If we would have left, Eli would’ve been extremely sad. Because it’s hard for him to express that sadness, he probably would’ve had what looks like a tantrum. The ‘tantrum’ isn’t a result of not getting his way but rather a result of the frustration of not being able to communicate his disappointment. He would’ve ruminated over it for weeks and possibly months, which is why when I updated his mom that Jake’s parents invited us to stay, she simply replied with the hands up gratitude emoji!
No amount of emojis or words can really express what it meant to our family to be welcomed by Jake’s family — they even invited us for cake and gave Eli a goodie bag. I knew that Eli appreciated the gravity of the situation as well because he wished Jake ‘Happy Birthday’ and thanked him. It’s a really big deal and takes a lot of effort for Eli to speak to a stranger.
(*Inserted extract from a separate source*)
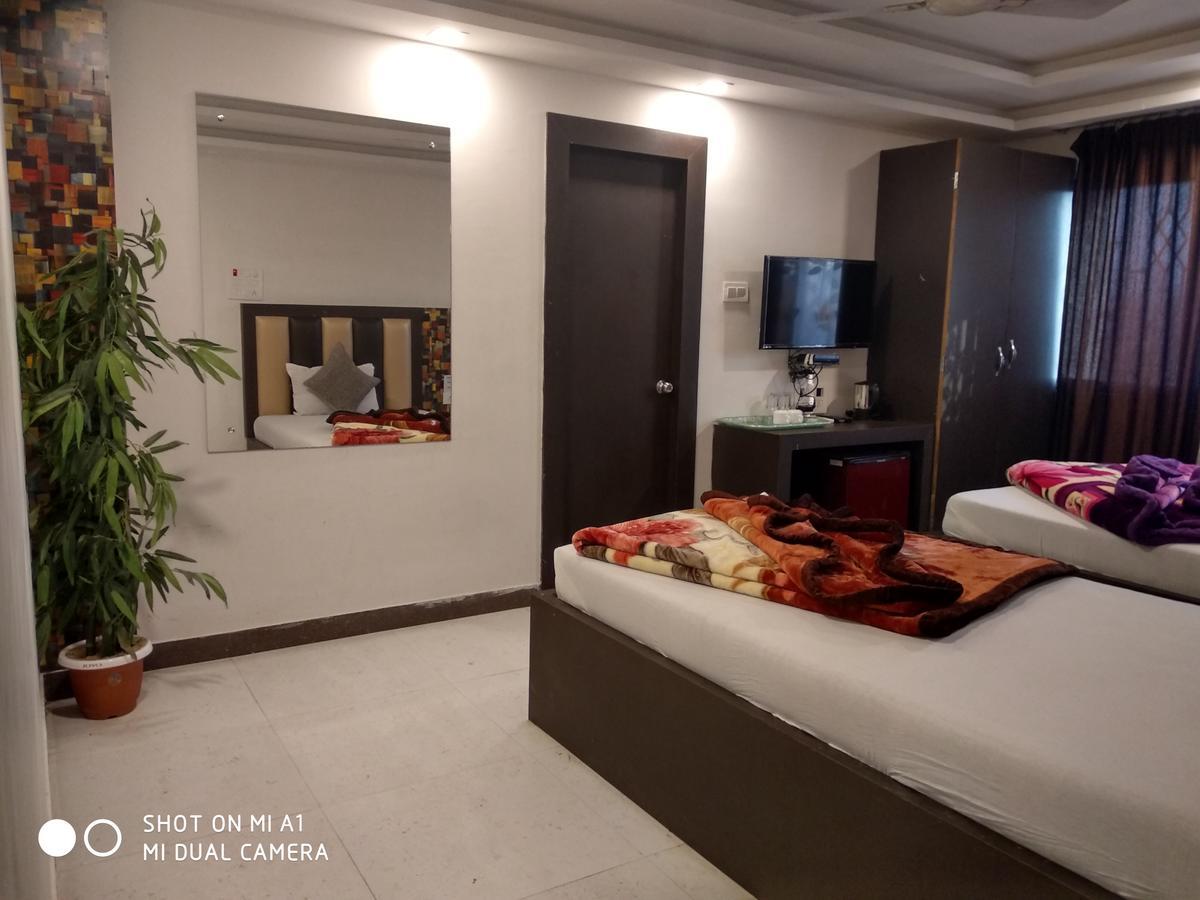 Hotel Rajkamal Deoghar Esterno foto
We picked up a gift and made Jake a card, but that still feels so minimal compared to the gift we received from Jake’s parents. Any family of a child with an exceptionality knows the heartbreak and challenges that often come along because of misconceptions and misunderstandings of their child’s special needs. Our family knows these challenges all too well because my 9-year-old daughter, Beyla, also has exceptionalities. My sister, Khayriyyah, and I are grateful to have found support and an understanding ear in one another. It’s not often that we experience this understanding outside of our tightly knit circle. That’s why Jake’s parents’ invitation was especially meaningful to us. I am sure that although we had never met before and may never cross paths again, I know it’s families like Jake’s that help to make this world a better place.